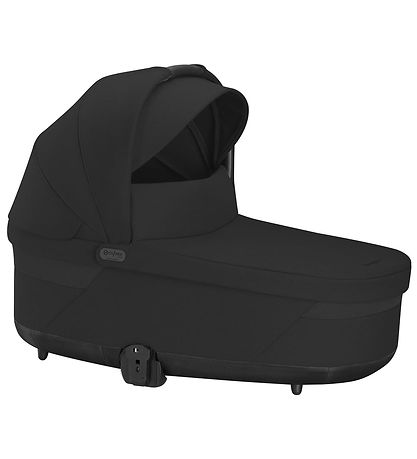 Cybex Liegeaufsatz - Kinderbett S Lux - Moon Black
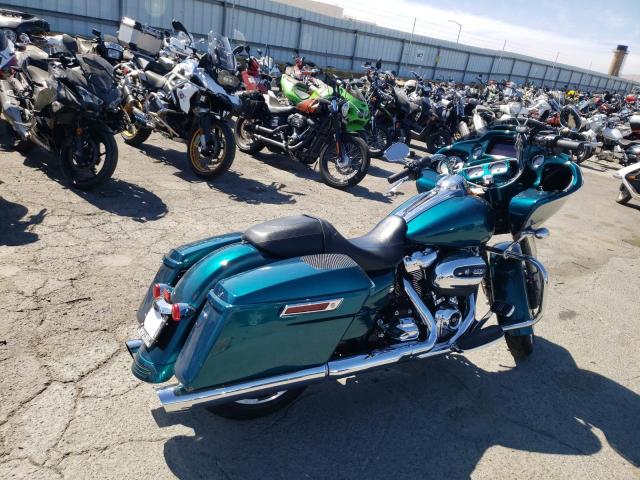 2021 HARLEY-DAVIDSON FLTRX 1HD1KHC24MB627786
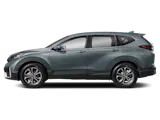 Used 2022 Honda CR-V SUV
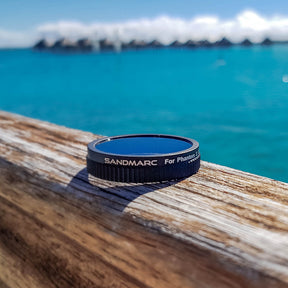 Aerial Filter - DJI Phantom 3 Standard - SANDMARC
------------------------
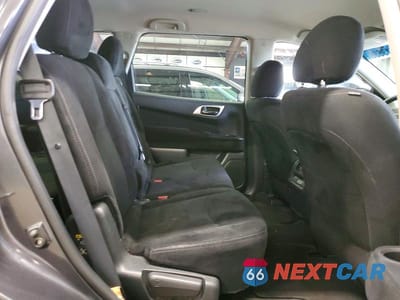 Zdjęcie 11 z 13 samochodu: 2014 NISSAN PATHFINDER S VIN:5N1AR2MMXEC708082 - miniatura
------------------------
Beginning with the line above that contains "Cybex Liegeaufsatz - Kinderbett" and ending with the line that contains "Aerial Filter - DJI", quote each line exactly, keeping out the pictures.

 Cybex Liegeaufsatz - Kinderbett S Lux - Moon Black
 2021 HARLEY-DAVIDSON FLTRX 1HD1KHC24MB627786
 Used 2022 Honda CR-V SUV
 Aerial Filter - DJI Phantom 3 Standard - SANDMARC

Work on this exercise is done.